Study Finds Impact of Surgical Delay on Women with Breast Cancer Due to COVID-19


These study results suggested that a longer time to surgery does not lower overall survival for women with early-stage breast cancer who had to delay operations due to the COVID-19 pandemic.

A study published in the Journal of the American College of Surgeons indicated that a longer time from diagnosis to surgical treatment does not lower the overall survival (OS) of women with early-stage breast cancer who had to delay operations due to the coronavirus disease 2019 (COVID-19) pandemic.

In addition, researchers found no survival decrease with operative delays in women with estrogen receptor (ER)-positive early-stage breast cancer who received neoadjuvant endocrine therapy. Typically, this patient population receives anti-estrogen therapy following surgical removal of the tumor or breast; however, according to lead study author Christina Minami, MD, MS, an associate surgeon at Brigham and Women's Hospital in Boston, endocrine therapy was recommended nationwide as the initial treatment of ER-positive breast cancer due to pandemic-related surgical delays.

"Usually we take these patients with very small tumors directly to surgery, so it is a big change in practice to first put those patients on tamoxifen or an aromatase inhibitor," Minami explained in a press release. "What we can say from our findings is that despite the delay in surgical therapy, because you were on neoadjuvant endocrine therapy, we do not think that your survival will at all be impacted."

To better understand the impact of COVID-19 related surgical delay tactics, researchers utilized data from 378,839 patients included in the National Cancer Database with either ductal carcinoma in situ (DCIS) or ER-positive cT1-2N0 breast cancer treated from 2010 to 2016. Time to surgery (TTS) was then recorded and analyses were stratified by disease stage and initial treatment strategy.

Overall, increased TTS was associated with increased odds of pathological upstaging in patients with DCIS breast cancer, though women with ER-positive DCIS had a slightly increased odds of pathologic upstaging with a surgical delay surpassing 60 days (OR, 1.15; 95% CI, 1.08-1.22). Patients whose DCIS was ER-negative had a higher risk of upstaging only if they underwent an operation more than 120 days after diagnosis (OR, 1.36; 95% CI, 1.01-1.82).
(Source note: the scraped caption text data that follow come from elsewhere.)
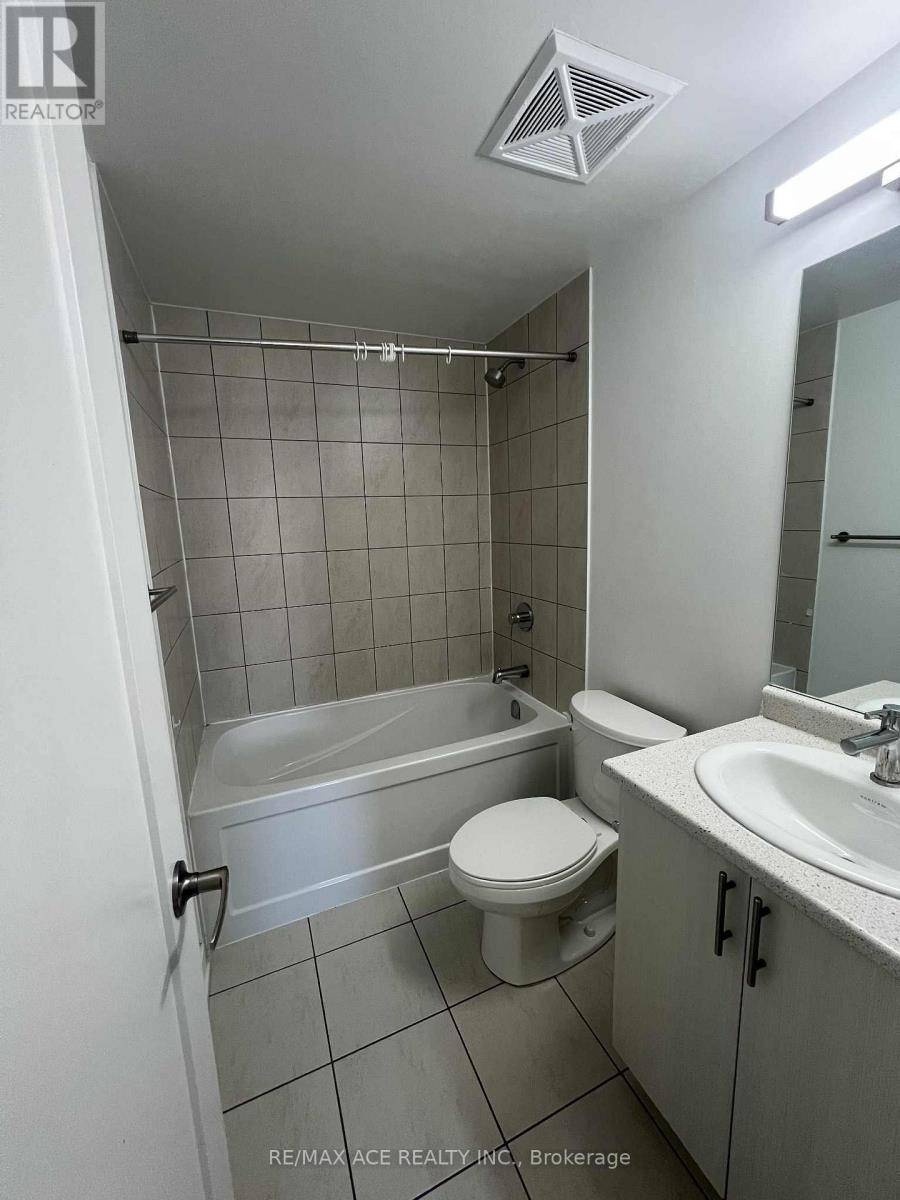105 - 3686 St Clair Avenue E, Toronto, Ontario  M1M 0E4 - Photo 11 - E13685400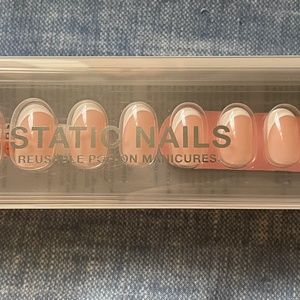 Static Nails
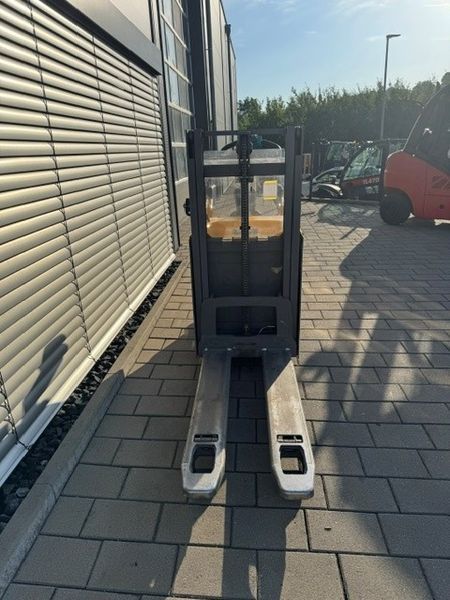 Použit&aacute; manipulačn&aacute; technika Jungheinrich ERD 220 &mdash; Booster Lift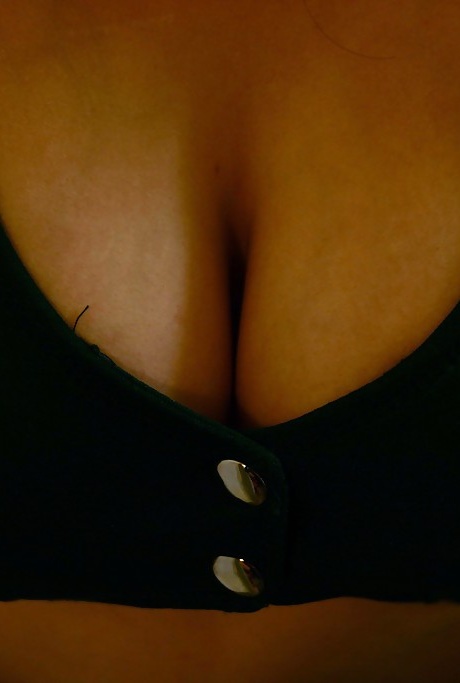 Молоденькая красотка в очках Энджел Джей дрочит сиськи старику 1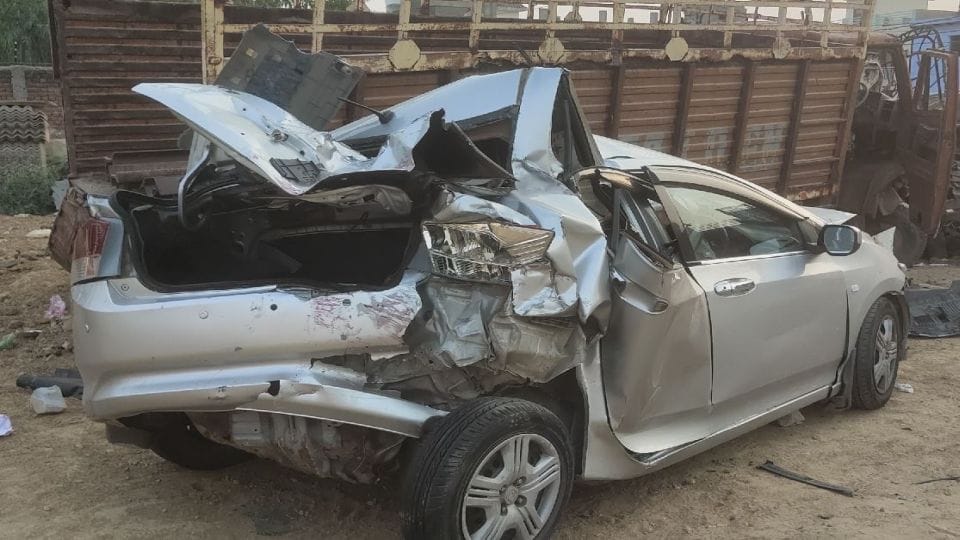 police recovered ganja from car crashed on Yamuna Expressway in agra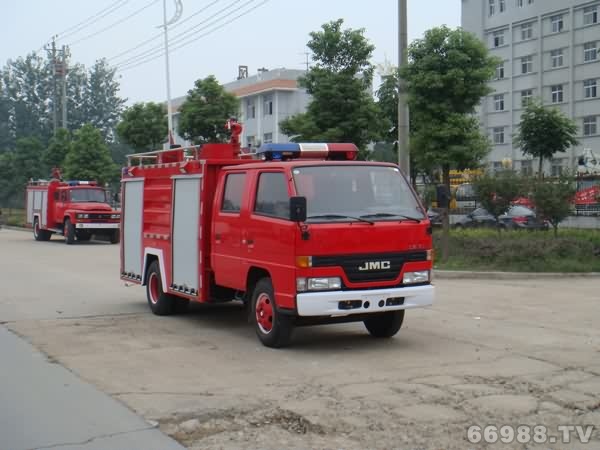 江铃型水罐消防车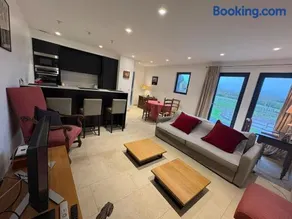 Maison chaleureuse avec vue panoramique - Image 2
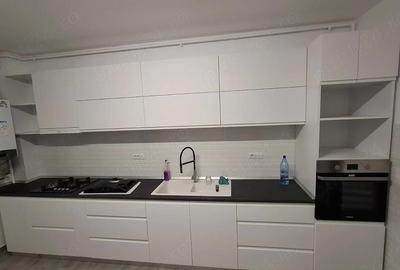 Apartament cu 4 camere decomandat în Central - 2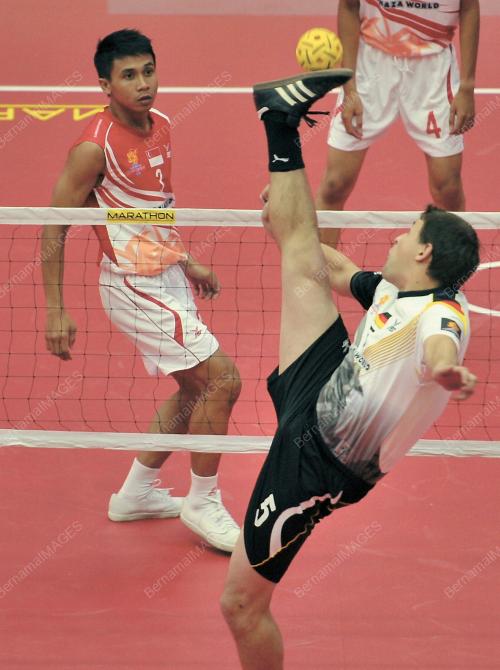 TAKRAW_DUNIA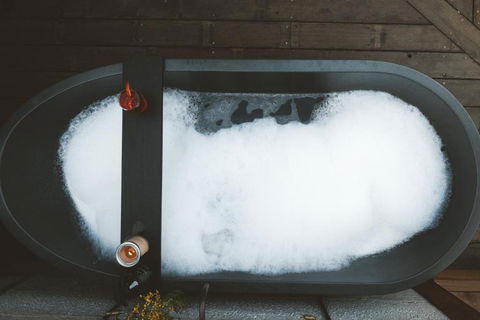 Tiny Home, Outdoor Bath, Infrared Sauna, Fire Pit - Australian Directory 0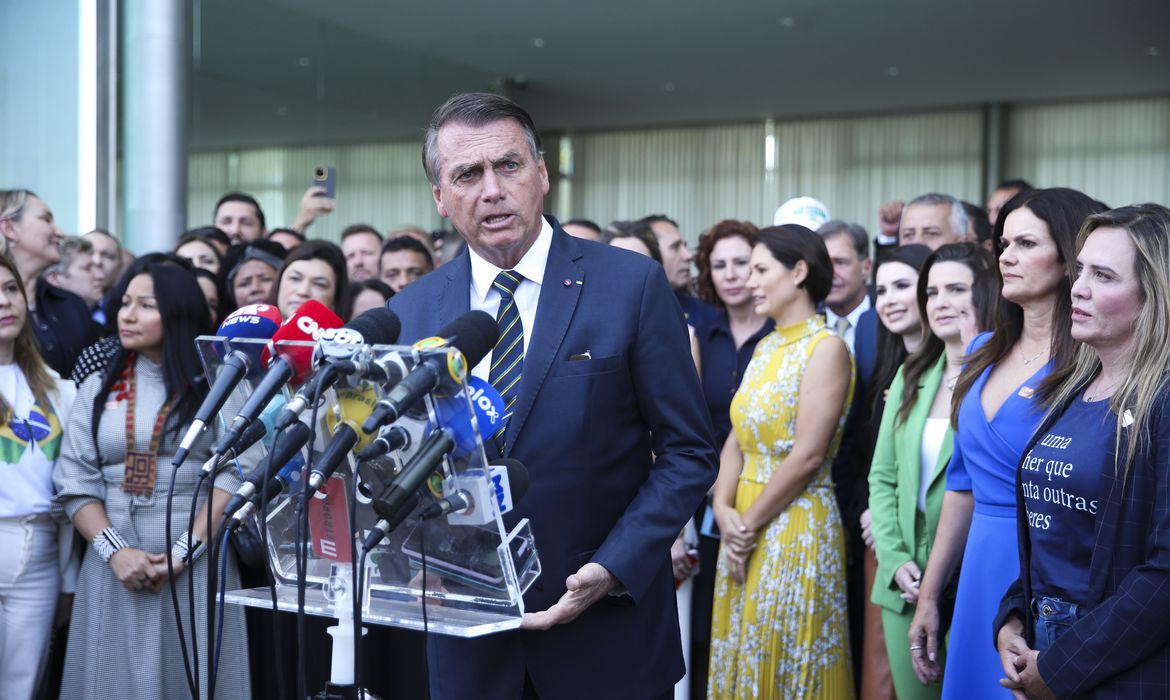 Bolsonaro dá entrada em hospital para check-up anual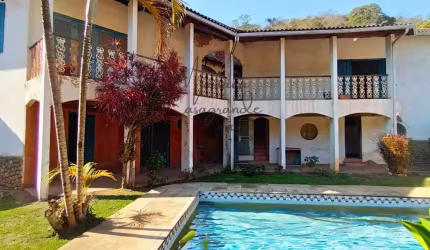 Casa para Venda em Paty do Alferes, Centro, 3 dormitórios, 1 suíte, 3 banheiros, 2 vagas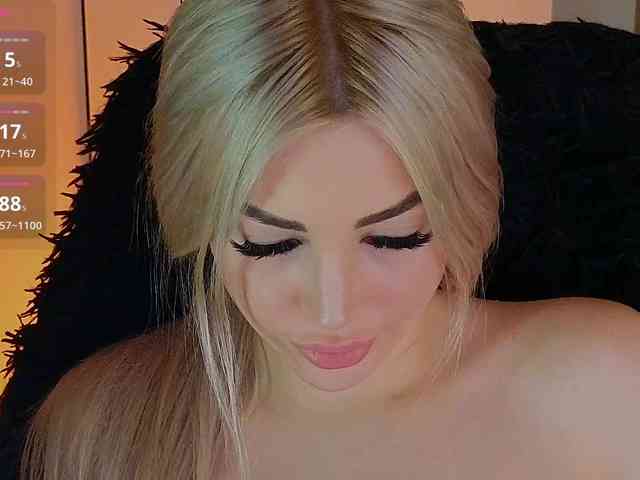 MilanaOmgReal webcam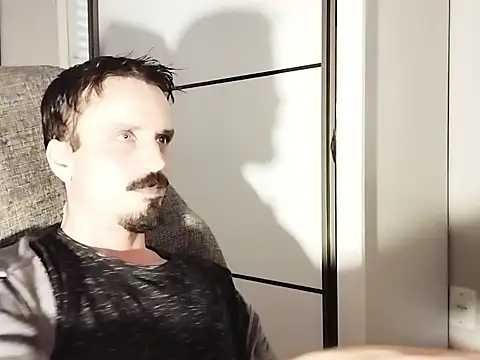 lookaz4010 online show from 06-09-26, 01:23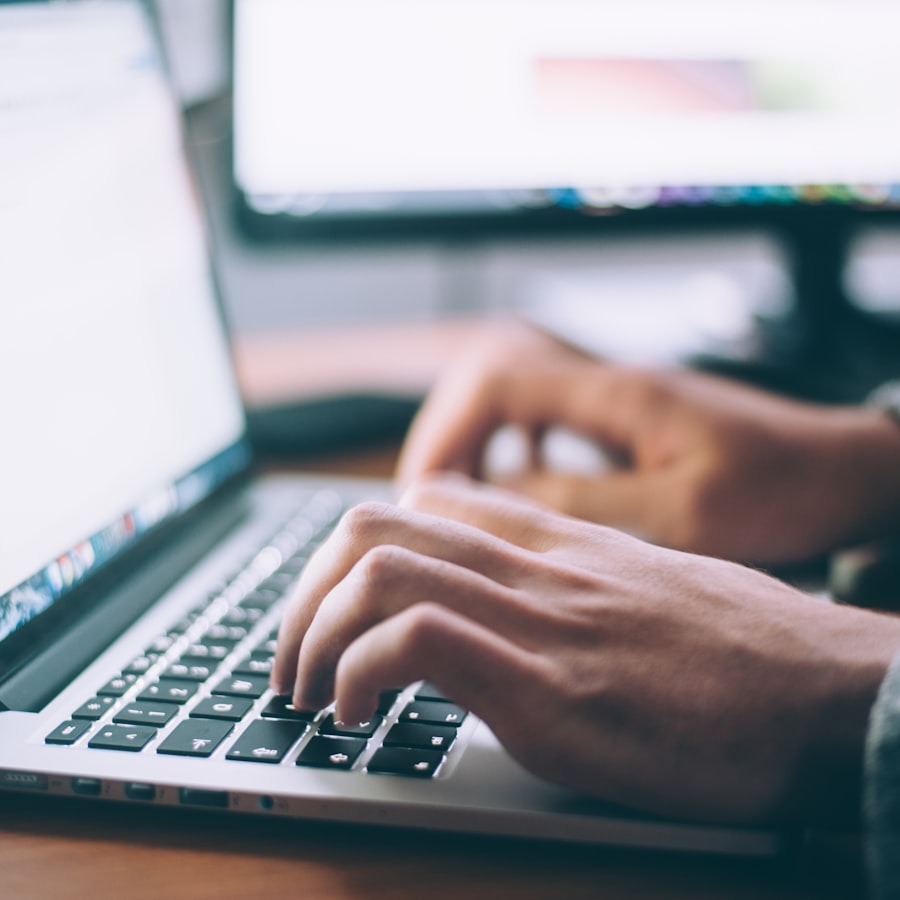 Przedsiębiorca pracujący przy laptopie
“We can tell our patients they can still expect an excellent prognosis from their early-stage hormone receptor-positive cancer and that their excellent prognosis is not negatively impacted by this delay they have experienced,” senior study author Elizabeth Mittendorf, MD, PhD, FACS, professor of surgery at Brigham and Women's Hospital, explained in the release.

Notably, the applicability of these study findings is limited given that the populations experiencing delays in surgical therapy who were selected for neoadjuvant endocrine therapy in this retrospective analysis were more select then the patients who have experienced a surgery delay during the pandemic. Study participants who received neoadjuvant endocrine therapy from 2010 to 2016 did so for specific reasons according to researchers, such as older age and coexisting illnesses. However, the investigators also indicated that these data are the best currently available to study the possible outcomes of oncologic surgical delays.

“While the applicability of these data to the patients experiencing surgical delays during the COVID-19 pandemic is limited, surgeons and patients may find some reassurance in these findings, as these two groups represent patients significantly affected by the surgical triage recommendations of the COVID-19 Pandemic Breast Cancer Consortium,” the authors wrote. “Future study of outcomes of patients treated during this time will be required to determine the actual impact of COVID-related surgical delays and delay strategies.”


1. Minami CA, Kantor O, Weiss A, Nakhlis F, King TA, Mittendorf EA. Association between Time to Operation and Pathological Stage in Ductal Carcinoma in Situ and Early-Stage Hormone Receptor-Positive Breast Cancer. Journal of the American College of Surgeons (2020). doi: 10.1016/j.jamcollsurg.2020.06.021.

2. Delay in breast cancer operations due to COVID-19 pandemic appears to be non-life-threatening for women with early-stage disease [news release]. Chicago. Published August 6, 2020. Accessed August 11, 2020.